Schattenblick →INFOPOOL →UMWELT → INTERNATIONALES

KLIMA/056: Reicht der EU ein Ziel von 30% Treibhausgasreduktionen für 2020? (FUE Rundbrief)


Forum Umwelt & Entwicklung - Rundbrief 4/2010


Auf halbem Weg
Reicht der EU ein Ziel von 30% Treibhausgasreduktionen für 2020 oder sind 25% schon zu viel?

Von Dietrich v. Tengg-Kobligk


Während der englische Umweltminister Chris Huhne von höheren EU-Klimazielen wirtschaftliche Vorteile erwartet, warnt Kommissar Oettinger vor der Gefahr eine De-Industrialisierung Europas.

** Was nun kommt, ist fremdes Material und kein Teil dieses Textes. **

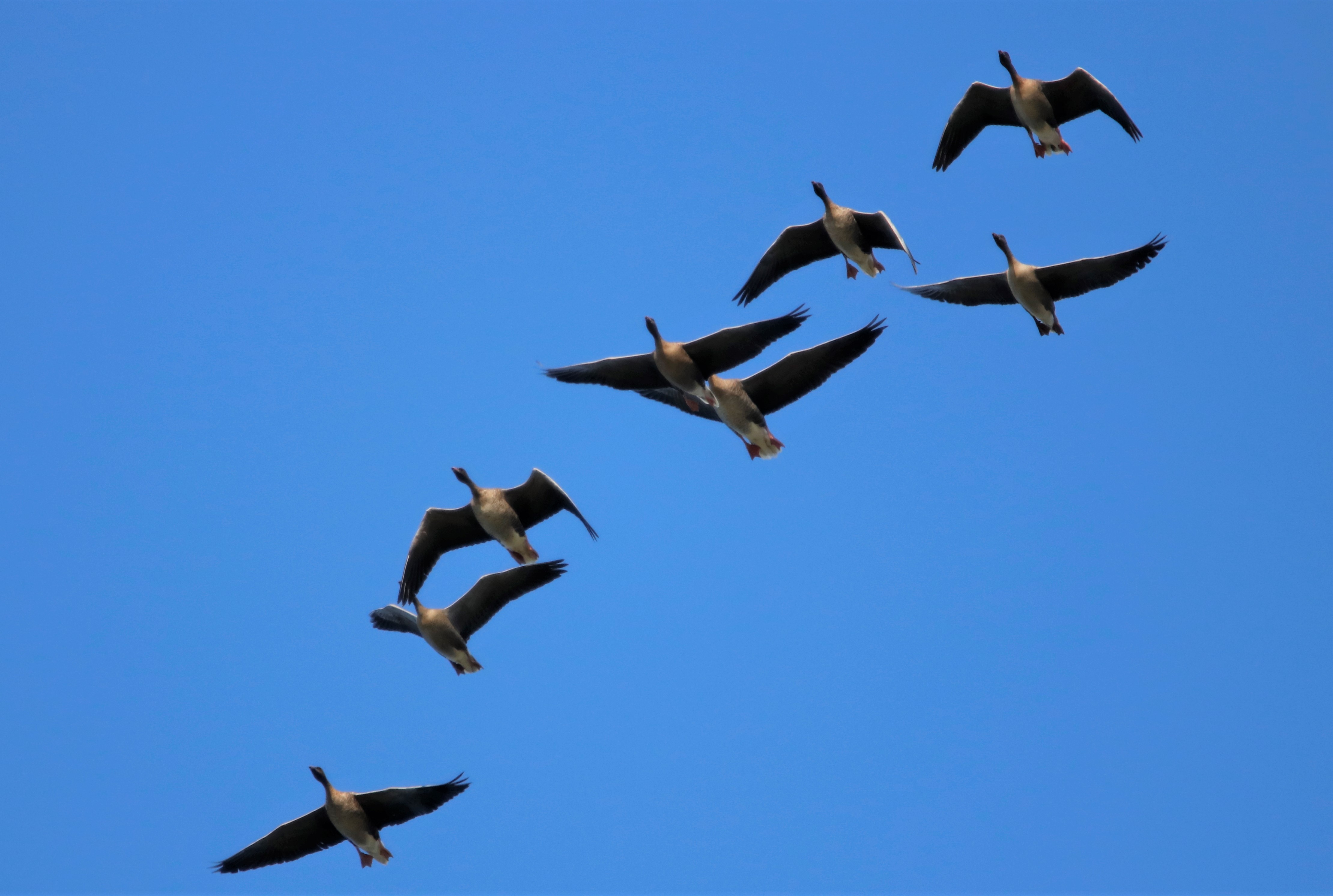 Pink-footed Goose - 23-09-2021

Momentan gilt für die Staaten der EU die griffige Formel 20% weniger CO2 mit 20% Erneuerbaren Energien und 20% Einsparungen durch Energieeffizienz bis 2020. Das klingt nur solange gut, bis man einmal ausrechnet, dass auf dem Weg von 100% Emissionen im Jahr 1990 zu 80- 95% Einsparungen im Jahr 2050, bis 2020 die Hälfte der Zeit abgelaufen ist und die Mitte im besten Fall 40% heißen kann.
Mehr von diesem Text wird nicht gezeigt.